Task instructions >>
Leaving pictures aside, set down each line exactly, from the first line of the data to the line with "Stella & Dot", both included.

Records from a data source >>
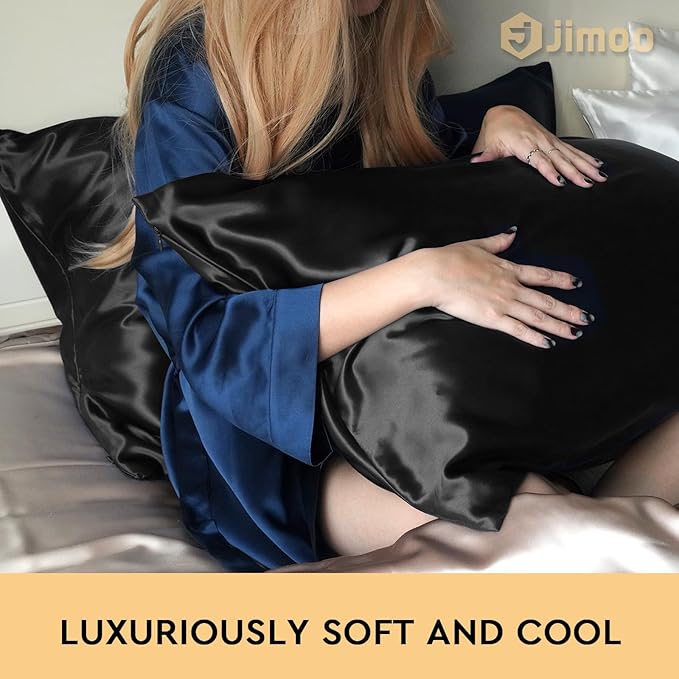 100% Mulberry Silk Pillowcase for Hair and Skin, 22 Momme Pure Natural Silk Pillow Case Both Sided with Zipper, Pillow Cover for Women Mom Men (Black, Standard 20''×26'', 1 Pack) - Bloomnest
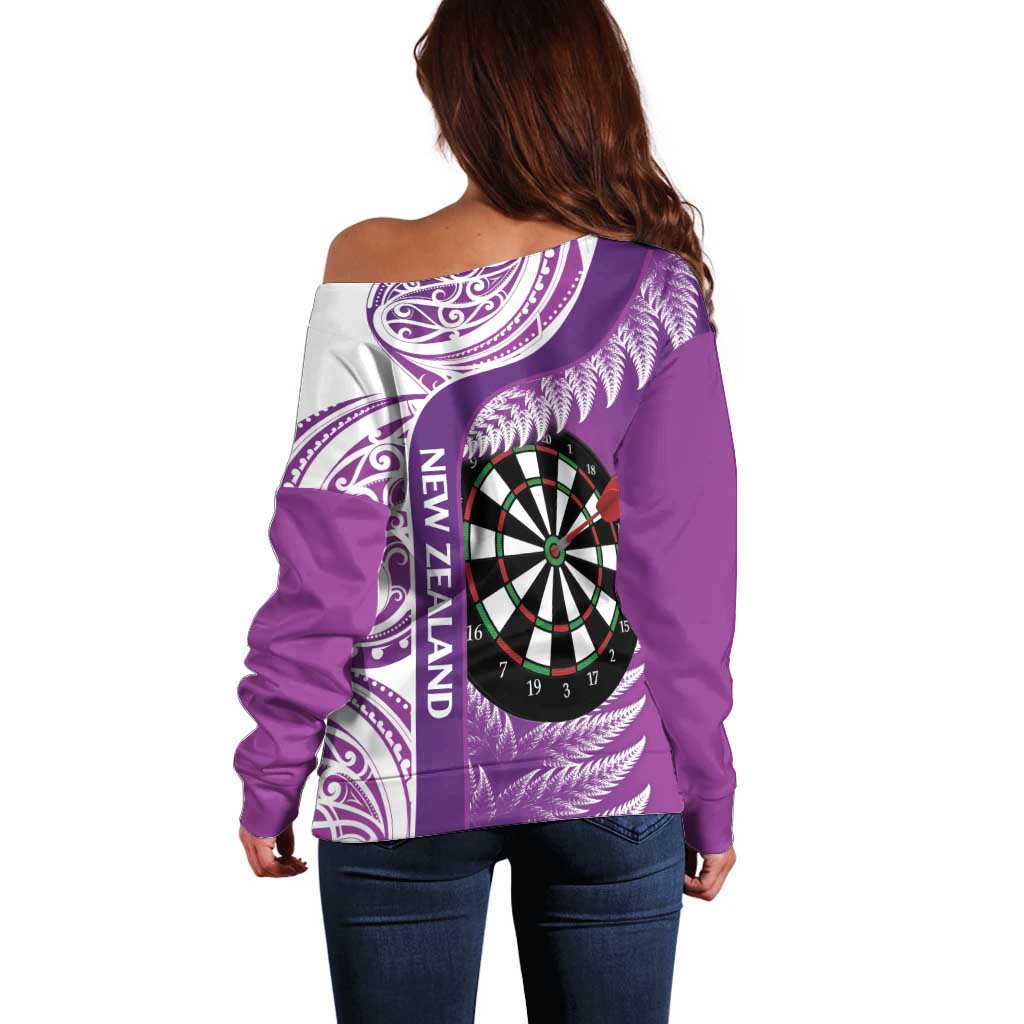 Personalised New Zealand Darts Off Shoulder Sweater Aotearoa Fern Mix Paua Shell Manaia - Purple LT14 - Polynesian Pride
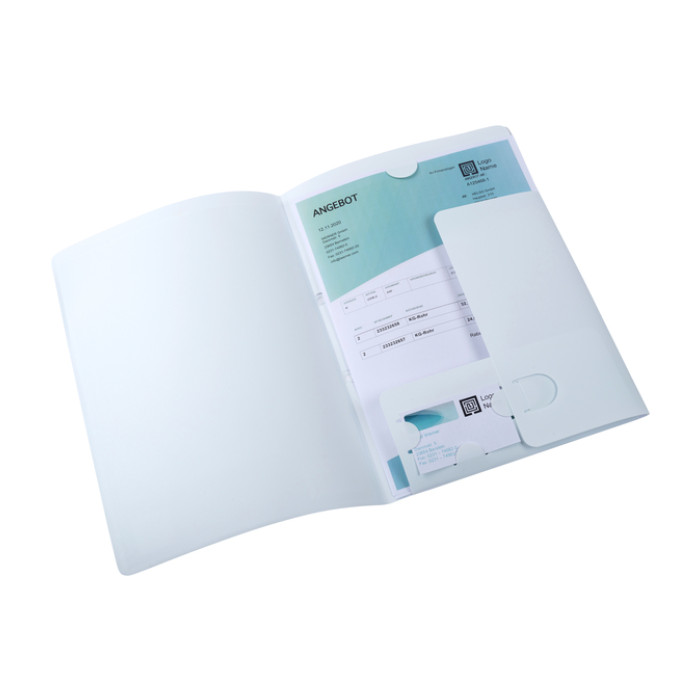 Offertemap Oxford A4 met insteektas 2 kleppen 0.5mm PP wit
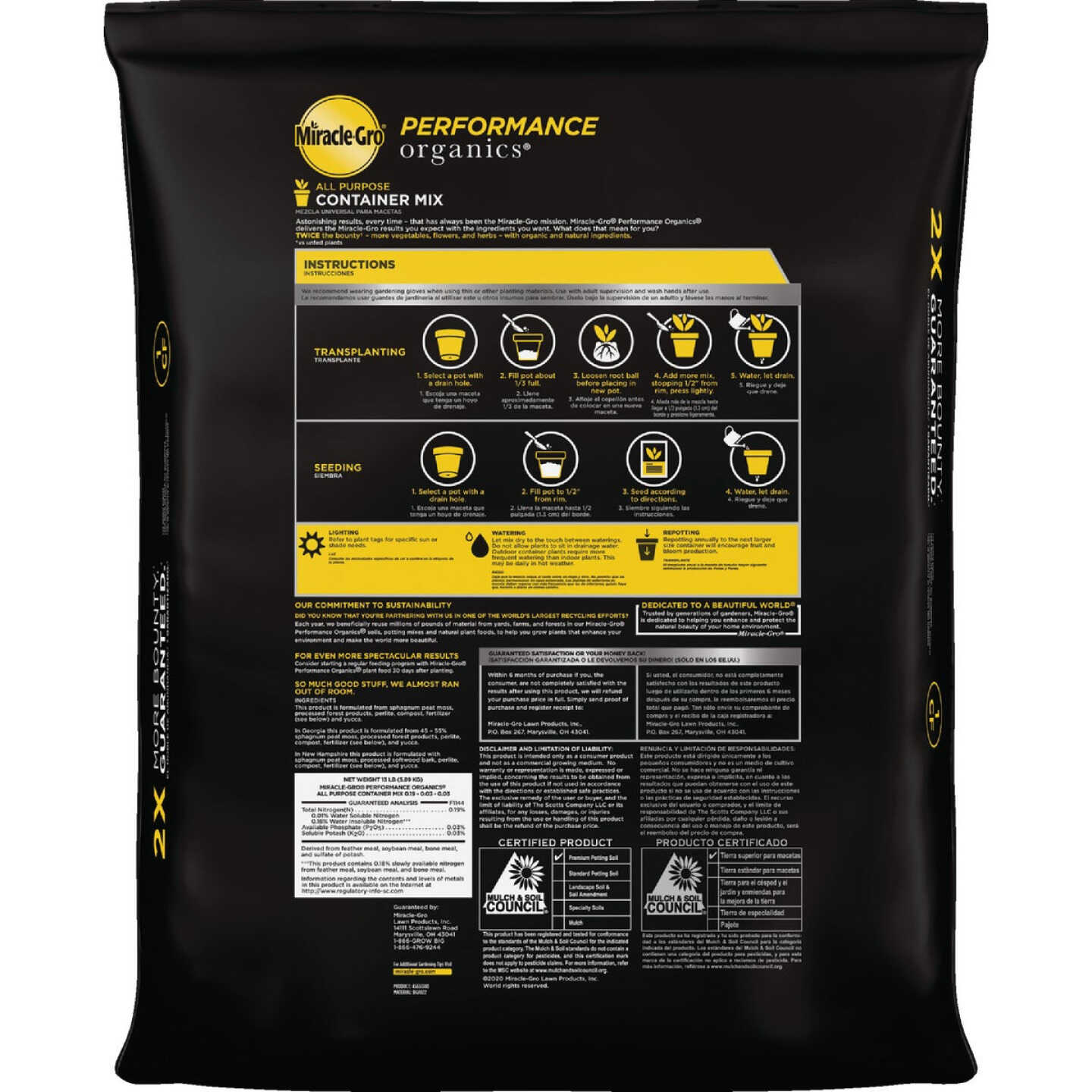 Miracle-Gro Performance Organics 1 Cu. Ft. All Purpose Container Mix Image 7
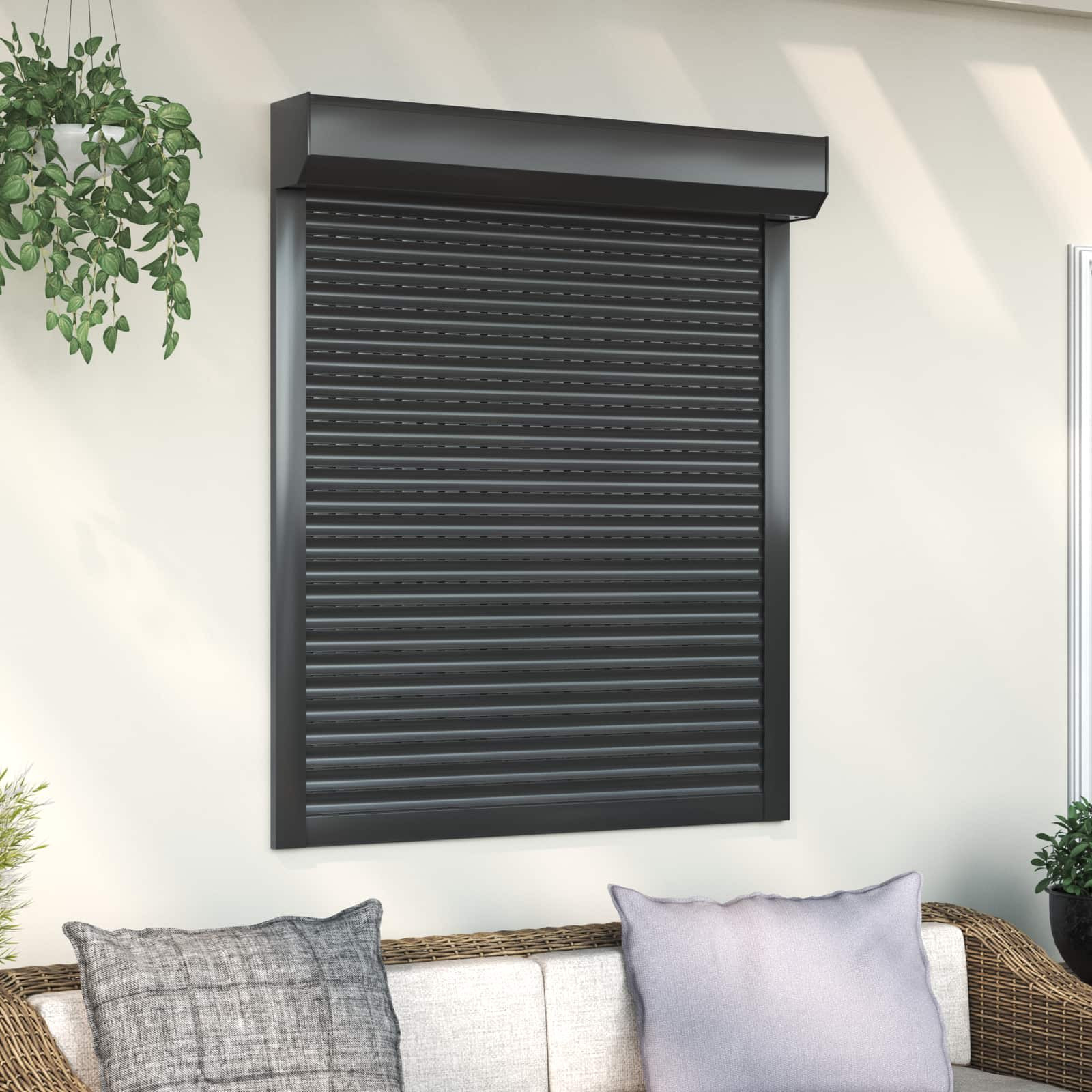 vidaXL Rollladen Anthrazit 100 x 130 cm Aluminium und Polyurethan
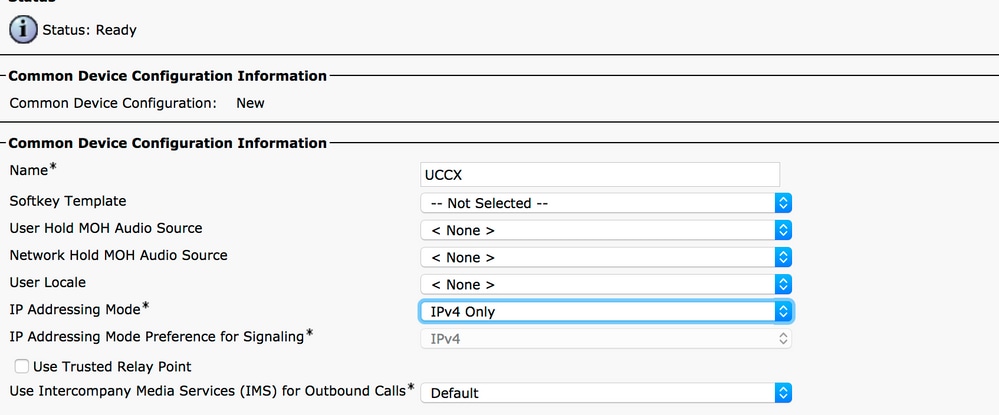 IPアドレッシングモードをIPv4のみに設定したUCCXエージェント用の新しいCommon Device Configuration(CDC)を作成する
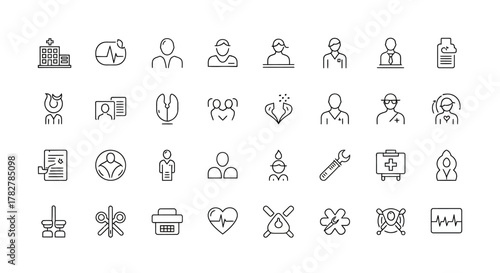Minimal medical healthcare line icons set for apps and web. EPS Editable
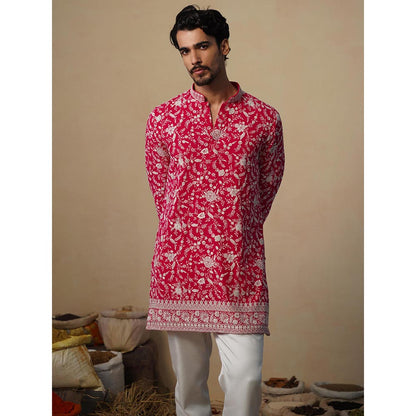 KALPRAAG Gulbahar Hot Pink Short Kurta with Pant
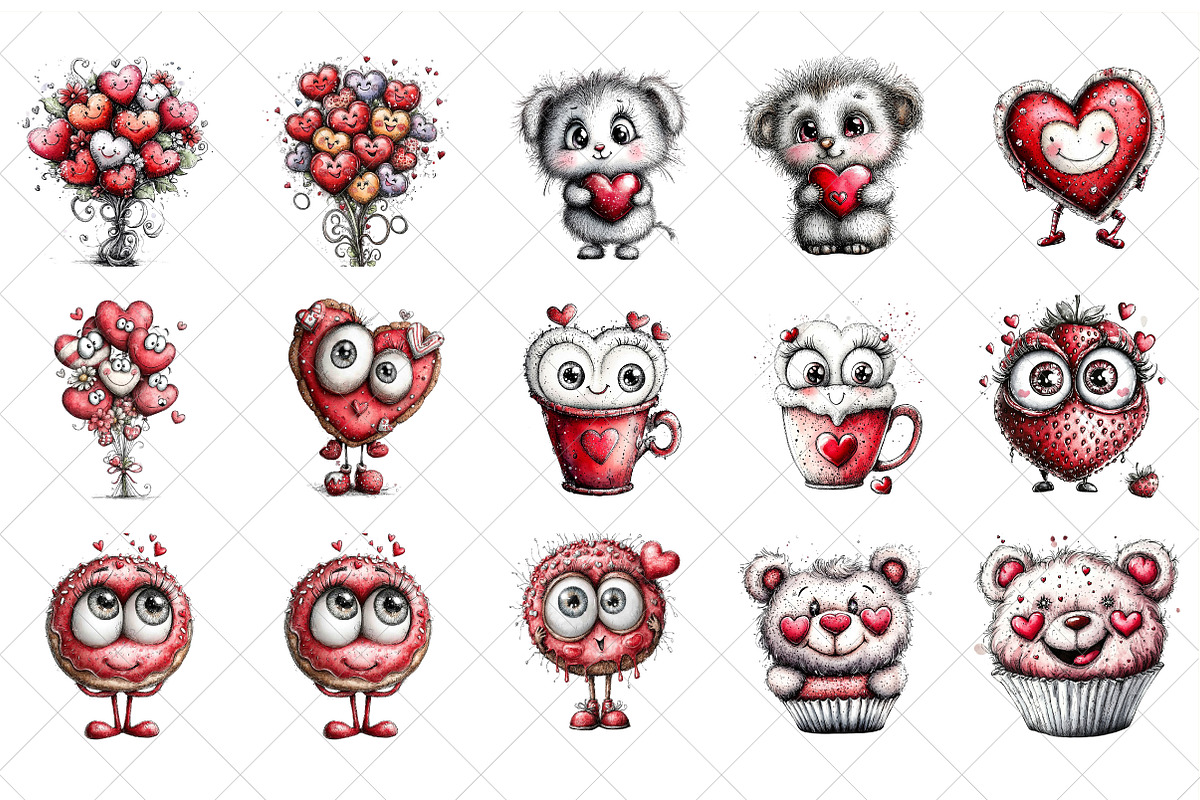 Quirky Valentines Sweets Clipart, an Illustration by SinaCreation (Photo 2 of 7)
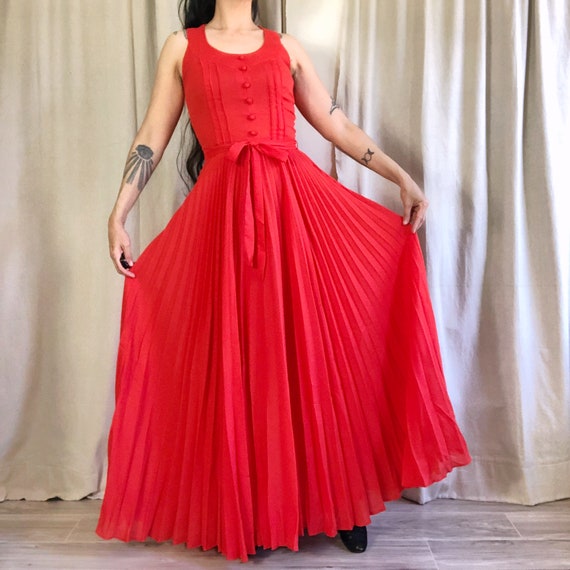 Vintage 60s Tomato Red Accordion Pleat Sweeping Maxi Gown Xs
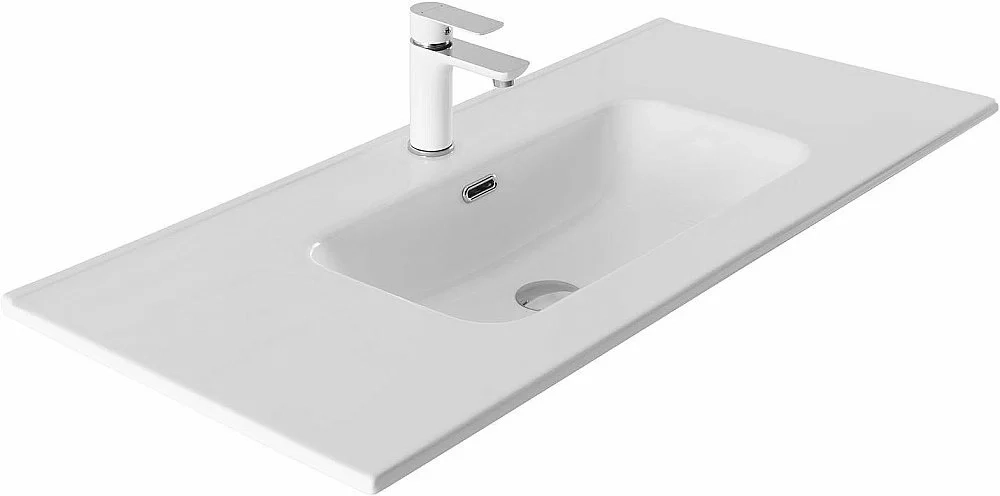 Тумба с раковиной Aquanet Вега 100 344125+254365 белая глянцевая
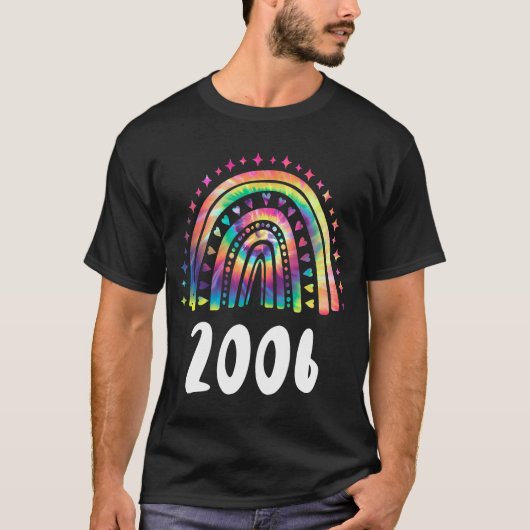 Jaar van de regenboog van de Tie Dye 2006 geboorte T-shirt (Voorkant)
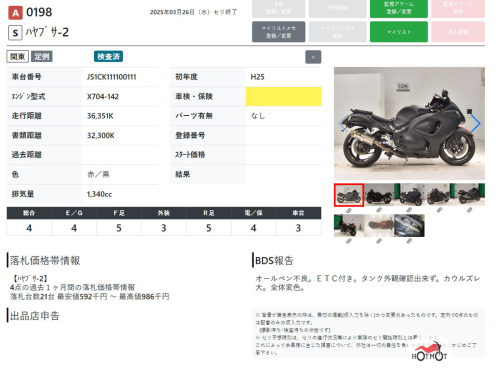 Мотоцикл SUZUKI GSX 1300 R HAYABUSA 2013, черный фото 8
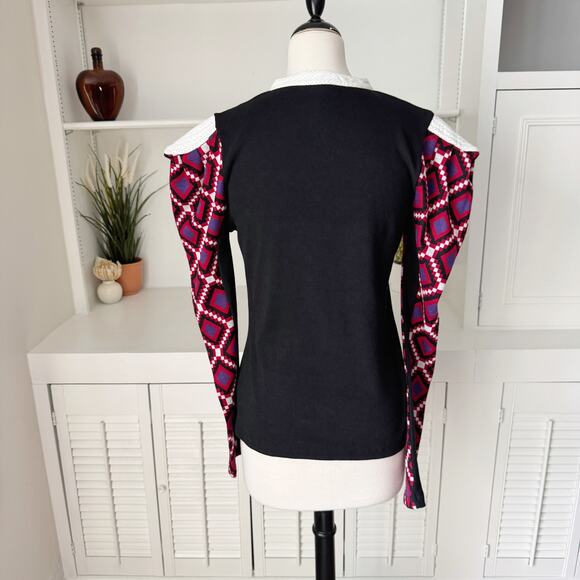 Nuvula Black Ribbed Knit Geometric Strong Shoulder Sweater Size L - Picture 3 of 9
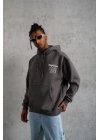 Erkek 3 İplik Pamuklu Kapüşonlu Baskılı Cepli Oversize Sweatshirt Hoodie - Gri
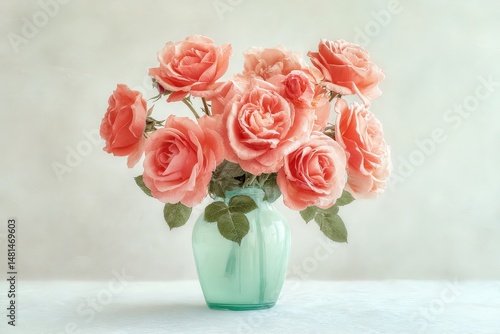 Wallpaper Mural Soft peach roses in a light teal vase. Torontodigital.ca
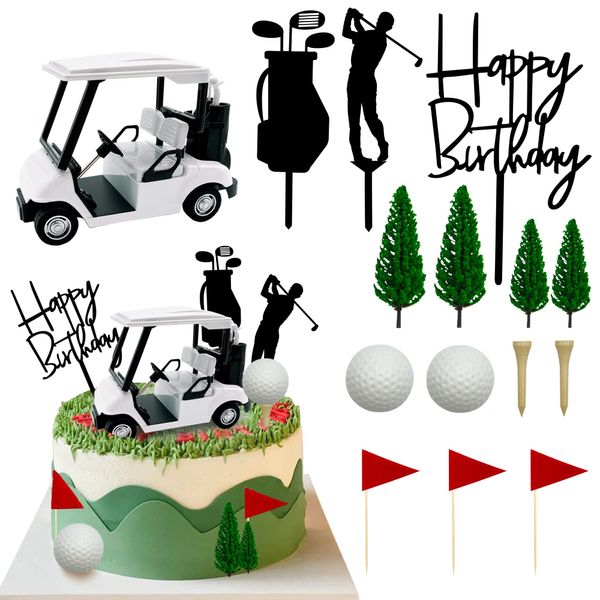 Golf Cake Decorations Golf Cart Cake Toppers Heading for The Green Cake Topper for Golfers with Cart Flag Golf Ball for Golf Theme Party Supplies (White)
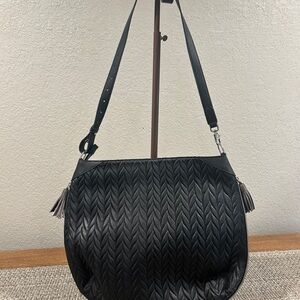 Stella & Dot Black Woven Leather Crossbody Bag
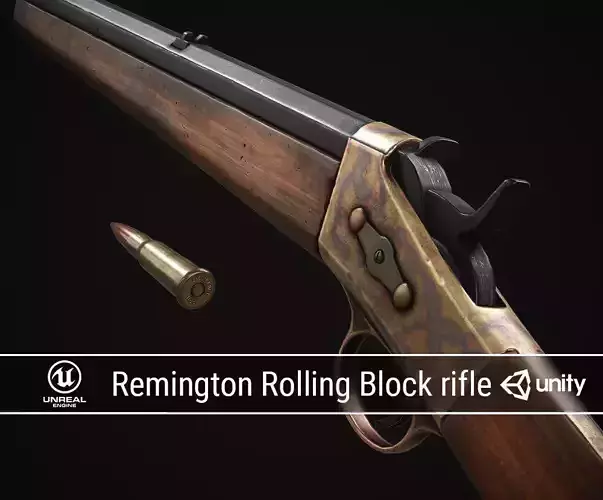 PBR Remington Rolling Block rifle Low-poly 3D model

Answer box >>
 100% Mulberry Silk Pillowcase for Hair and Skin, 22 Momme Pure Natural Silk Pillow Case Both Sided with Zipper, Pillow Cover for Women Mom Men (Black, Standard 20''×26'', 1 Pack) - Bloomnest
 Personalised New Zealand Darts Off Shoulder Sweater Aotearoa Fern Mix Paua Shell Manaia - Purple LT14 - Polynesian Pride
 Offertemap Oxford A4 met insteektas 2 kleppen 0.5mm PP wit
 Miracle-Gro Performance Organics 1 Cu. Ft. All Purpose Container Mix Image 7
 vidaXL Rollladen Anthrazit 100 x 130 cm Aluminium und Polyurethan
 IPアドレッシングモードをIPv4のみに設定したUCCXエージェント用の新しいCommon Device Configuration(CDC)を作成する
Minimal medical healthcare line icons set for apps and web. EPS Editable
 KALPRAAG Gulbahar Hot Pink Short Kurta with Pant
 Quirky Valentines Sweets Clipart, an Illustration by SinaCreation (Photo 2 of 7)
 Vintage 60s Tomato Red Accordion Pleat Sweeping Maxi Gown Xs
 Тумба с раковиной Aquanet Вега 100 344125+254365 белая глянцевая
 Jaar van de regenboog van de Tie Dye 2006 geboorte T-shirt (Voorkant)
 Мотоцикл SUZUKI GSX 1300 R HAYABUSA 2013, черный фото 8
 Nuvula Black Ribbed Knit Geometric Strong Shoulder Sweater Size L - Picture 3 of 9
 Erkek 3 İplik Pamuklu Kapüşonlu Baskılı Cepli Oversize Sweatshirt Hoodie - Gri
 Wallpaper Mural Soft peach roses in a light teal vase. Torontodigital.ca
 Golf Cake Decorations Golf Cart Cake Toppers Heading for The Green Cake Topper for Golfers with Cart Flag Golf Ball for Golf Theme Party Supplies (White)
 Stella & Dot Black Woven Leather Crossbody Bag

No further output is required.